Tuesday, November 10, 2015

When the Gales of November came Slashing

   Today, November 10th, 1975, marks the 40th anniversary of the demise of the SS Edmund Fitzgerald along with it's Captain Ernest M. Mcsorley and the rest of the 28 crew members.
   The Edmund Fitzgerald was constructed by Northwestern Mutual Life Insurance company of Milwaukee, Wisconsin as an investment into the iron and minerals industries (the first of it's kind from a Life insurance Company). Northwestern named the ship after its president and chairman of the board, Edmund Fitzgerald. Fitzgerald's own grandfather had himself been a lake captain.
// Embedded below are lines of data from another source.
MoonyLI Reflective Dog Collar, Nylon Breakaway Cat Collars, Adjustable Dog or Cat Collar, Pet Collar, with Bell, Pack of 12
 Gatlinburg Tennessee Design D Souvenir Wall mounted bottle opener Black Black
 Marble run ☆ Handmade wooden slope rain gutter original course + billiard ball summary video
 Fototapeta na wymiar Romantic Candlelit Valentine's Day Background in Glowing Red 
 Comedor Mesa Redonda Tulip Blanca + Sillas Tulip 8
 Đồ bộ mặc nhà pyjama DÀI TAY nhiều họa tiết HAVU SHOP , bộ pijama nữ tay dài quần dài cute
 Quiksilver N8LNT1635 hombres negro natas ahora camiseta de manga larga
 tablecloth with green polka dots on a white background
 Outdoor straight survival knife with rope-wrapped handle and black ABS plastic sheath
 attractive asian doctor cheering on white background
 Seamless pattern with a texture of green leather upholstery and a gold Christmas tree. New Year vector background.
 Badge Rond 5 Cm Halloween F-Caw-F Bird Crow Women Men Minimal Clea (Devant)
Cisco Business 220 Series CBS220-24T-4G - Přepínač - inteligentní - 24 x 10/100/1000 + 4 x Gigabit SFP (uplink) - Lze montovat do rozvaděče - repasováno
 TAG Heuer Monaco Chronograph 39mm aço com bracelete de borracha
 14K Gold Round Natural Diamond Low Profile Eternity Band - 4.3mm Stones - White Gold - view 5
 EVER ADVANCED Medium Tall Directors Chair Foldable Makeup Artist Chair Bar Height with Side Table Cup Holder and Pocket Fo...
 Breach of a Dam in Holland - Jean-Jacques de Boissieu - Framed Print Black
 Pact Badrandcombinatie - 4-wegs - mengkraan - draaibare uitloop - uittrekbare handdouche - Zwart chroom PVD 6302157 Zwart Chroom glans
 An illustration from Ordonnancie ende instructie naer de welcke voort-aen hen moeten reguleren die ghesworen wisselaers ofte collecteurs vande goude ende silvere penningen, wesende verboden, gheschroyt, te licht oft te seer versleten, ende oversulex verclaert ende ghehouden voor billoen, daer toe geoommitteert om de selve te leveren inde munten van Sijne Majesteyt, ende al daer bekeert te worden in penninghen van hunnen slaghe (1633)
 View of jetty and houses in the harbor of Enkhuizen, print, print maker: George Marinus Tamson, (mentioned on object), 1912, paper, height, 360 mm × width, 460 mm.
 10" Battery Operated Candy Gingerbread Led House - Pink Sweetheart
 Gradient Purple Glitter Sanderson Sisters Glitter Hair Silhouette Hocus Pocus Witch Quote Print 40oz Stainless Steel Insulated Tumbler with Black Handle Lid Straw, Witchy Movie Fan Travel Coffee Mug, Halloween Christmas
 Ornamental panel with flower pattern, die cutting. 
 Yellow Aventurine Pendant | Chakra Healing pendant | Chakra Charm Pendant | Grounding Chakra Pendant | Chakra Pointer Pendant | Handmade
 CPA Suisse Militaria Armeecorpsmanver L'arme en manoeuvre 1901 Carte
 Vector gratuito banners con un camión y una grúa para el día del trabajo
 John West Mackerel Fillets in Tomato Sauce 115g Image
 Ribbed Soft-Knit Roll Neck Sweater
    The Ship Launched on June 7th, 1958 as the Largest ship of North America's Great Lakes, but an Ominous christening and launch ceremony seemed to foreshadow the fate of this once "Queen of the Lakes". Some 15,000 people attended the launch, but were delayed as it took Elizabeth Fitzgerald (Wife of Edmund Fitzgerald) three attempts to christen the ship by breaking a champagne bottle over the bow, followed by the shipyard crew having trouble releasing the Keel blocks. After a 36 minute delay, as if the ship itself was trying to deny it's own destiny, the vessel finally took to the sideways launch that led it to crash so violently into a pier that it's said a nearby spectator had a heart attack and died.
   The SS Edmund Fitzgerald became a workhorse, carrying loads of taconite from Minnesota's Iron Range mines near Duluth, Minnesota, to iron works in Detroit, Toledo, and other ports of the Great Lakes, often setting seasonal haul records which she would continually break. By November 1975, Fitzgerald had logged an estimated 748 round trips on the Great Lakes and covered more than a million miles, a distance roughly equivalent to 44 trips around the world.
    The Fitzgerald left Superior, Wisconsin, at 2:15 p.m. on the afternoon of November 9, 1975, under the command of Captain Ernest M. Mcsorley. The ship was en route to the steel mill on Zug Island, near Detroit, Michigan, with a cargo of 26,116 long tons of taconite ore pellets and soon reached her full speed of 16.3 miles per hour. The weather forecast was not unusual for November and the National Weather Service  predicted that a storm would pass just south of Lake Superior by 7 a.m. on November 10. However, by late in the afternoon of November 10, sustained winds of over 50 knots (58 mph) were recorded by ships and observation points across eastern Lake Superior. There were sustained winds as high as 58 knots (67 mph) at 4:52 p.m., while waves increased to as high as 25 feet by 6:00 p.m. The Fitzgerald was also struck by 70-to-75-knot (81 to 86 mph) gusts and waves as high as 35 feet as logged by the ship Arthur M. Anderson which the Fitzgerald had been following that day.
    The last communication from the ship came at approximately 7:10 p.m., when Anderson notified Fitzgerald of an unbound ship and asked how she was doing. McSorley reported, "We are holding our own.", which were the Edmund Fitzgerald's last words as she sank minutes later. No distress signal was received, and ten minutes later, Anderson lost the ability either to raise Fitzgerald by radio or to detect her on radar.
    There are many theories as to why the Fitzgerald sank, some say she bottomed out and took water , while others suggest that the Top hatches were damaged by Rogue waves which allowed access for water to the already fully loaded freighter. One thing is certain, there's no escape from the "Witch of November" when she comes stealing as portrayed in the immortalizing song by Gordon Lightfoot, "The Wreck of the Edmund Fitzgerald".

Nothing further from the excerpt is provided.